Jacktown USA: More than a history lesson
JANS – Two years in the making, Jacktown USA, a comprehensive look at nine prominent blues and southern soul artists with deep Mississippi roots and crucial ties to the capital city of Jackson, has just been released by Republic Books of Jackson.
“Mississippi is the birthplace of American music, and Jackson is the capital city of American music,” said co-author Kamel King, a practicing attorney at Frascogna Law Group. He heads up Emerald Tiger Artist Management, which represents the artists in the book. “Guys like Dexter Allen, Eddie Cotton, and Zac Harmon grew up in or very close to Jackson. The city has had a tremendous impact on their musical lives, and the musical lives of everyone featured. In this book, you’ll find out why.”
The Grammy component is eye-opening. Mississippi far and away leads the country in the total number of Grammy awards and nominations across all genres since The Recording Academy began presenting the awards in 1959. Several of the artists featured in Jacktown USA have won the coveted award, some more than once.
“The book is a slice of truly important Mississippi history, and it was a joy to put together,” said co-author Joe Lee, author of nine suspense novels and three works of non-fiction. “There are so many funny stories, and there are poignant recollections that will move you.
“For me as a music lover, what really made an impression was how all of the artists are deeply committed to making sure the legends who showed them the ropes – B.B. King, Muddy Waters, Howlin’ Wolf – are never forgotten.”
The introduction is especially compelling, with the reader being transported back in time to when the ground was laid in Jackson for these artists to chase their dreams. There were opportunities galore and contacts to be made – from the many small clubs and juke joints scattered across the city to local radio stations that didn’t hesitate to play homegrown talent on the air. The Capital City of American Music even boasted several record labels, such as Trumpet in the 1950s and Malaco in the 1970s and beyond.
“Some of the stories that were told hit really hard,” King said. “They were times Joe and I looked at each other and just knew we had a dynamite product on our hands.”
There’s Zac Harmon describing what it felt like to be chewed out in front of a live audience at age eighteen by Mississippi blues legend Sam Myers, when the older man decided his protégé needed to be told right there on stage to stop pretending he was Jimi Hendrix, because, son, that ain’t the blues.
There’s Chad Wesley, while fulfilling a lifelong dream of playing at the Mississippi Coliseum, ignoring the screaming promoter telling him to get the hell off the stage when Wesley’s encore, the Hendrix classic, Voodoo Chile, went more than fifteen minutes. The headliner, Parliament/Funkadelic front man George Clinton, would later tell Wesley that he got to hear most of the shredding through the open door of his dressing room and loved it.

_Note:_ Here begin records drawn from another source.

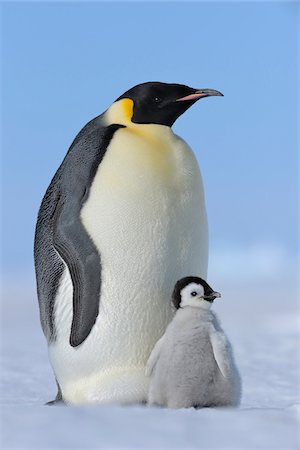 simsearch:700-07110762,k - Adult Emperor Penguin (Aptenodytes forsteri) with Chick, Snow Hill Island, Antarctic Peninsula, Antarctica Stock Photo - Rights-Managed, Code: 700-07110771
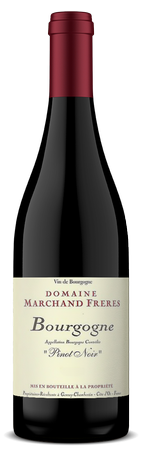 DOMAINE MARCHAND FRERES BOURGOGNE ROUGE 2018 CASE 1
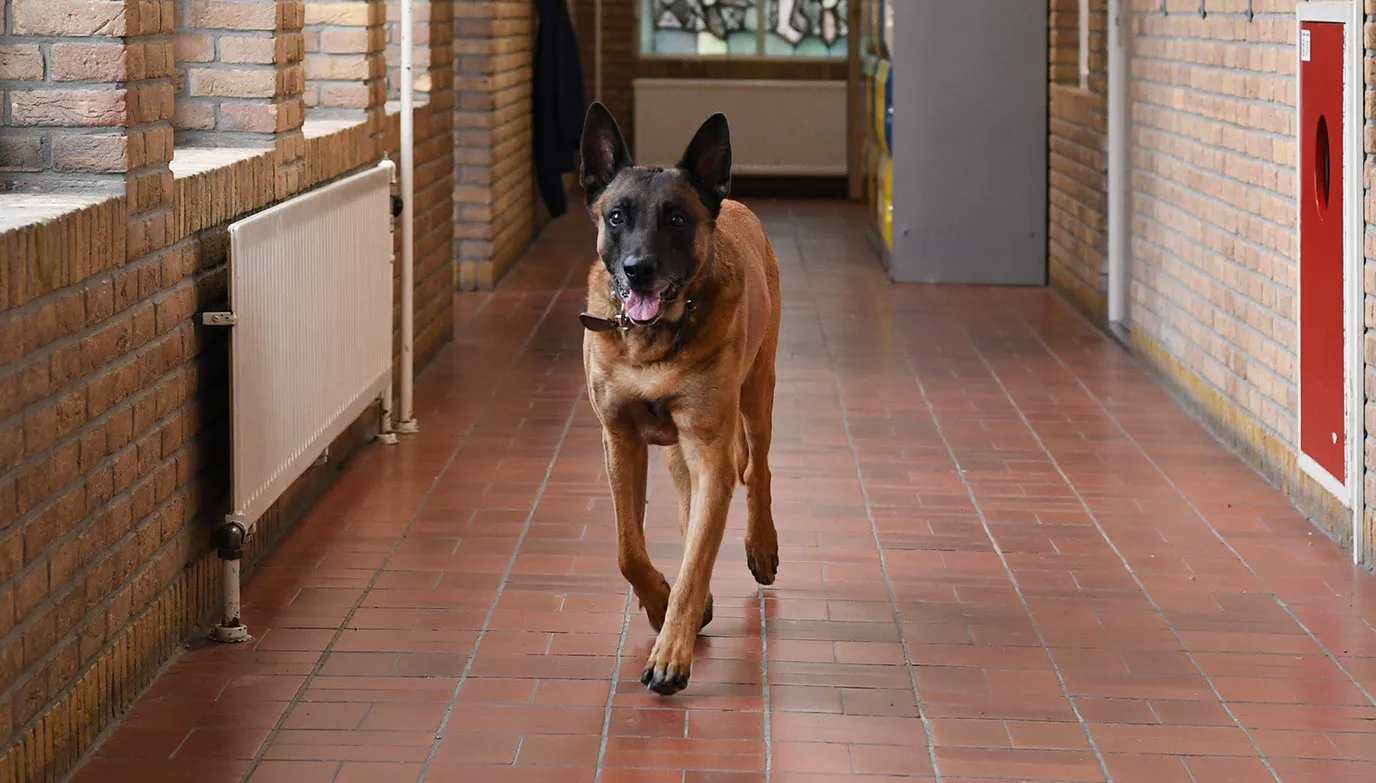 basco een mechelse herder van 11 jaar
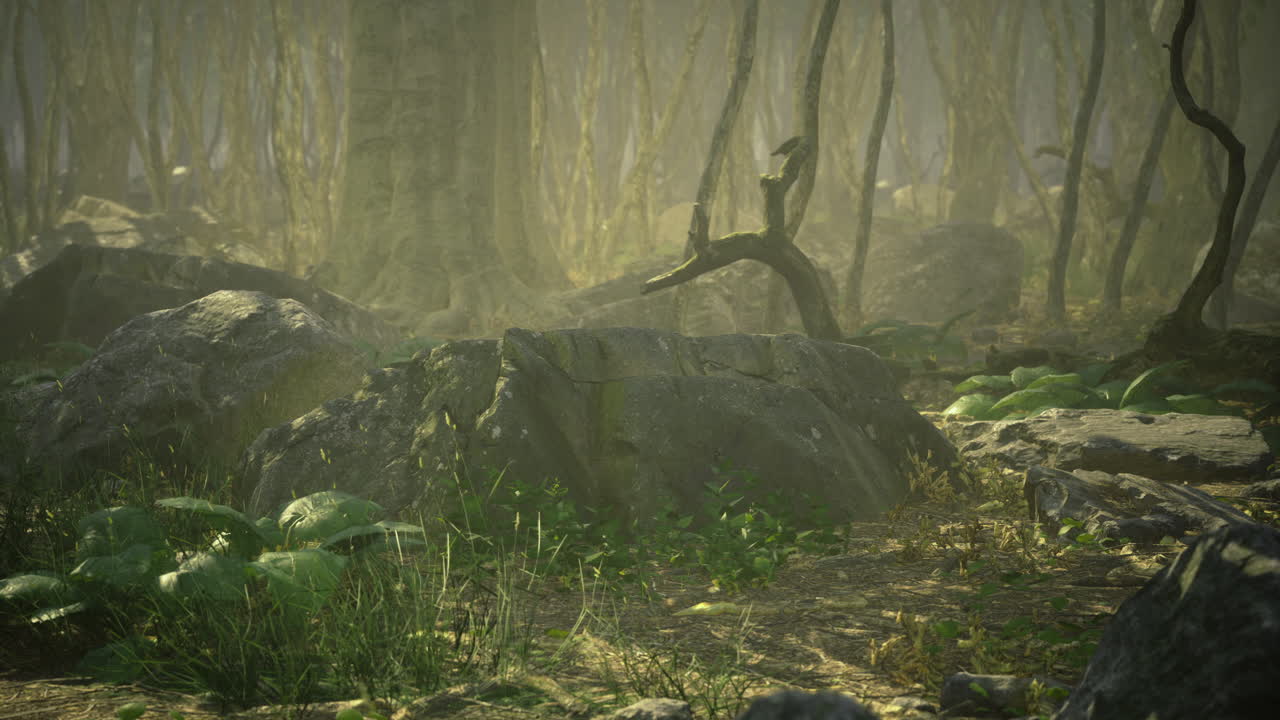 Enchanted forest glimmers in soft morning light with rocks and lush greenery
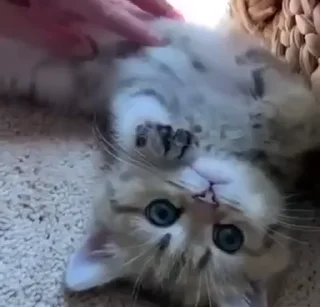 😊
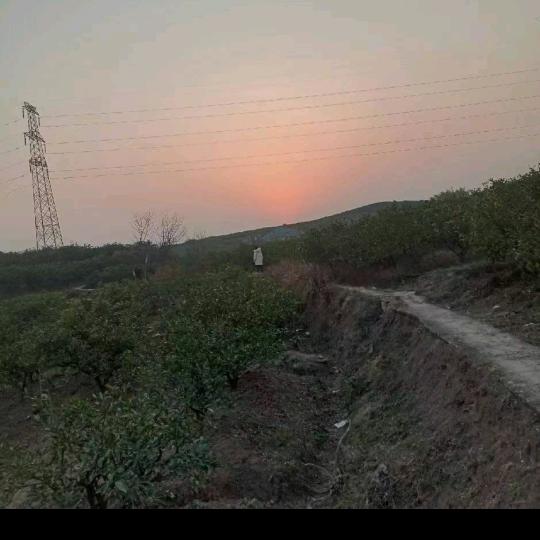 姚瑶《手机摄影》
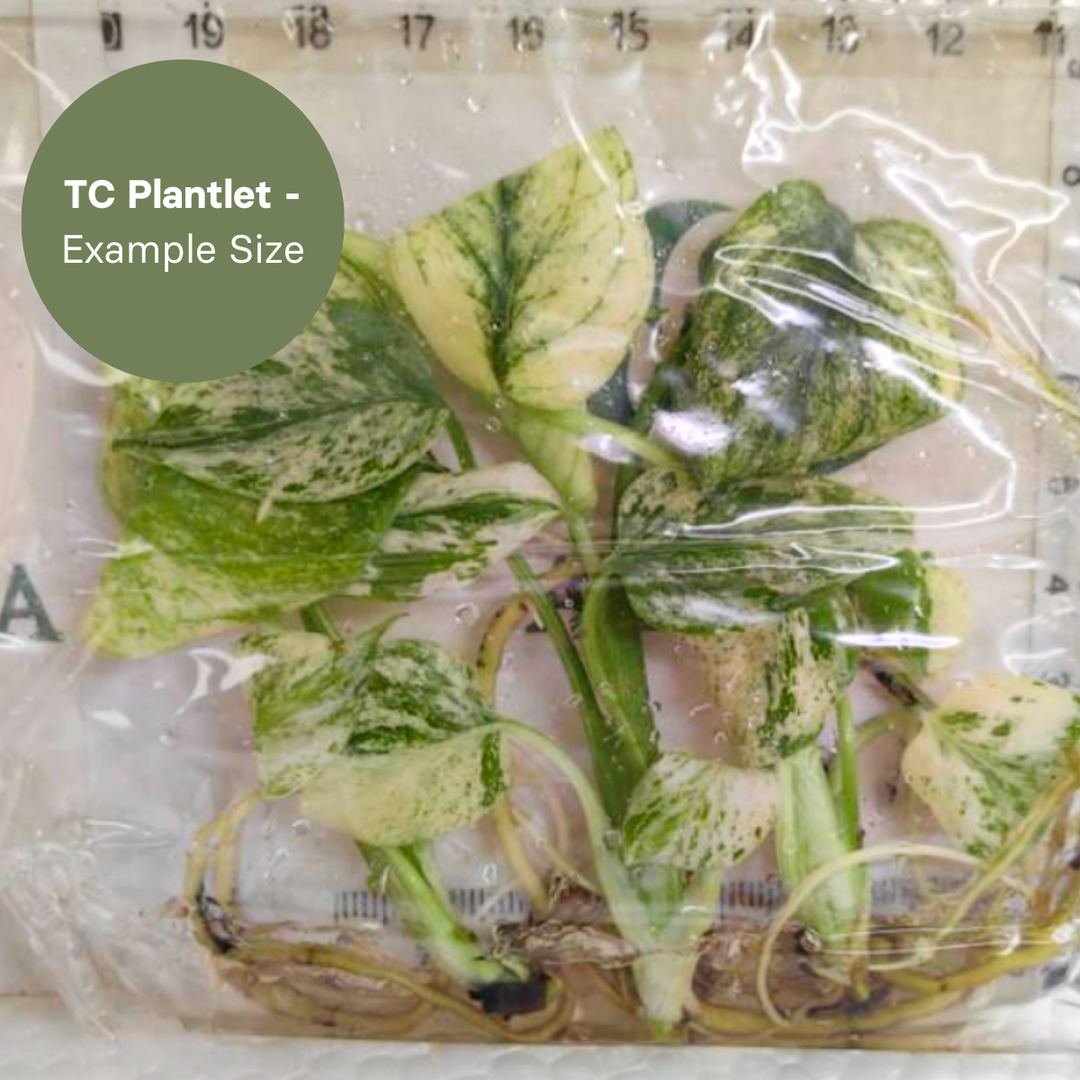 Monstera deliciosa Mint (TC Plantlet) - Preorder Plants GrowTropicals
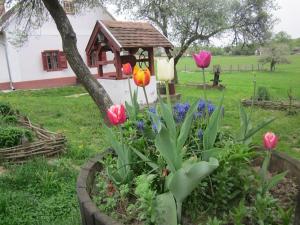 a flower garden with tulips and a gazebo at Múltidéző Porta - Népi Műemlék Házak az Őrségben in Szalafő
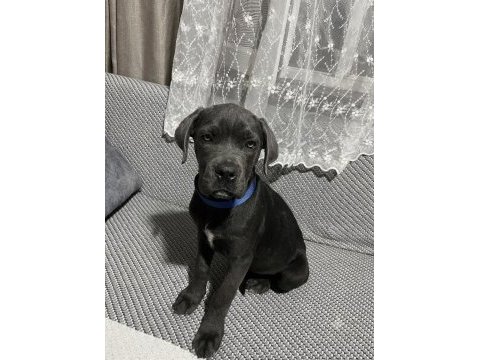 Blue ve siyah cane corso erkek yavrular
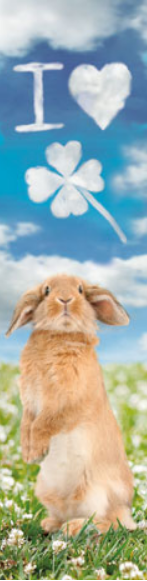 3D záložka - I love clover - 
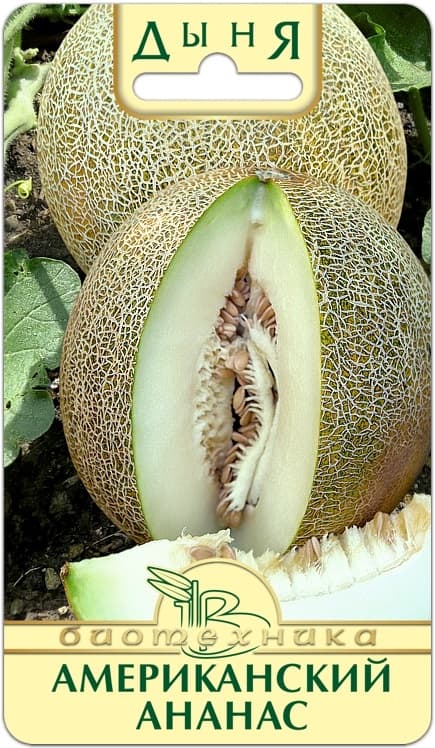 Фото – Дыня Американский Ананас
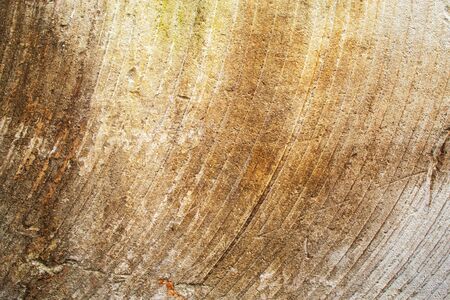 Background of straw sandstone closeupの写真素材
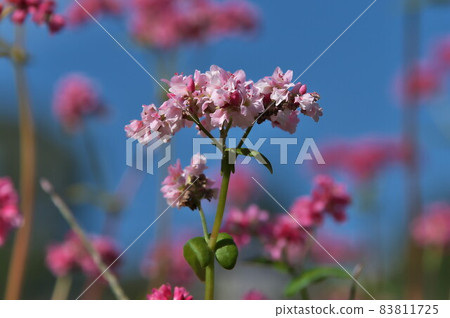 Buckwheat flower red buckwheat 83811725
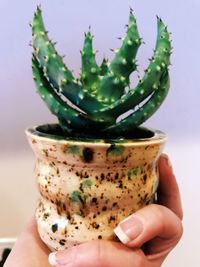 Close-up of hand holding cactus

There’s the mind-blowing rollercoaster of emotions Grammy-winning arranger Benjamin Wright went through after being told to his face by Arista label head Clive Davis that his arrangements weren’t worth the paper they were printed on, only to get a call an hour later from the late Quincy Jones – a call which led to Wright’s stellar work on Michael Jackson’s “Don’t Stop Til You Get Enough” and James Ingram’s “One Hundred Ways” among other pop smashes.
“Kamel and I talked several times about common threads that run through the book,” Lee said. “Nearly all the artists were raised in the church and either got their start in gospel or played in gospel groups before leaning into blues and southern soul. Many people lean on their faith when times are tough, and these are people who’ve absorbed some hard hits on their journeys. But they never lost sight of their goals or their faith.
“I admire Eddie Cotton for being so fervent about keeping alive the legacies of the great bluesmen of the past. Zac Harmon is the same way, never missing an opportunity to point out that the blues genre is an American art form, and that if he has anything to do with it, history books – or whatever people use to get information one hundred fifty years from now – will not list John Mayall or Eric Clapton as the father of the blues.”